*** Opening of Exercise input ***
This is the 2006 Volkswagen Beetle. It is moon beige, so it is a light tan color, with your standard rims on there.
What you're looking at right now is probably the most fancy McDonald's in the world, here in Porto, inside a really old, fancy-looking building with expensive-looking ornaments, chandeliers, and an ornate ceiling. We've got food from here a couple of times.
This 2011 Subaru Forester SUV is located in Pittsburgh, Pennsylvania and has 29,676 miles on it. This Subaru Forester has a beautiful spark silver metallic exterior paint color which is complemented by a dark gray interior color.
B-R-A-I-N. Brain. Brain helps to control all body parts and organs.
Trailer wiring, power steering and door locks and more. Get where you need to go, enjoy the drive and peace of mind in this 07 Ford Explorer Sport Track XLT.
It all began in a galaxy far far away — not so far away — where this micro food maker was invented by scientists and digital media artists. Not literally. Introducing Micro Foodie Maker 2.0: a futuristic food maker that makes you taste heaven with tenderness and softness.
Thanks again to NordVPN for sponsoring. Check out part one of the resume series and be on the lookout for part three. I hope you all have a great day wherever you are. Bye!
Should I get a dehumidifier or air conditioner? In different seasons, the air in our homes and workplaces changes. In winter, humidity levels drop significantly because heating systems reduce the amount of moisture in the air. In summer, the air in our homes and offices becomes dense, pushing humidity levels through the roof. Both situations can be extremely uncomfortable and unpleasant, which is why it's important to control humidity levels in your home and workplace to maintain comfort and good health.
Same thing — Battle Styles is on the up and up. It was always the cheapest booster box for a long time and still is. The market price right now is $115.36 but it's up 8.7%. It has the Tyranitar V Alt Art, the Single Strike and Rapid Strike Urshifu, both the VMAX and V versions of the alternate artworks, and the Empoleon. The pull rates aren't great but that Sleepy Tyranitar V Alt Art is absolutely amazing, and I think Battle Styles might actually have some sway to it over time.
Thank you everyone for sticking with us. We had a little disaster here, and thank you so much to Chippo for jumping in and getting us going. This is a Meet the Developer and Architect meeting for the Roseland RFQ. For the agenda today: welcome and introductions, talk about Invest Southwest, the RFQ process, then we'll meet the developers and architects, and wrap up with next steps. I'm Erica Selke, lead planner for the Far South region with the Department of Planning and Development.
*** Close of Exercise input ***
### How to complete this task
Could you repeat exactly the lines in the listing above from the one with "Should I get" down to the one with "Same thing —"? Include both of those lines.

### Solution for this task
Should I get a dehumidifier or air conditioner? In different seasons, the air in our homes and workplaces changes. In winter, humidity levels drop significantly because heating systems reduce the amount of moisture in the air. In summer, the air in our homes and offices becomes dense, pushing humidity levels through the roof. Both situations can be extremely uncomfortable and unpleasant, which is why it's important to control humidity levels in your home and workplace to maintain comfort and good health.
Same thing — Battle Styles is on the up and up. It was always the cheapest booster box for a long time and still is. The market price right now is $115.36 but it's up 8.7%. It has the Tyranitar V Alt Art, the Single Strike and Rapid Strike Urshifu, both the VMAX and V versions of the alternate artworks, and the Empoleon. The pull rates aren't great but that Sleepy Tyranitar V Alt Art is absolutely amazing, and I think Battle Styles might actually have some sway to it over time.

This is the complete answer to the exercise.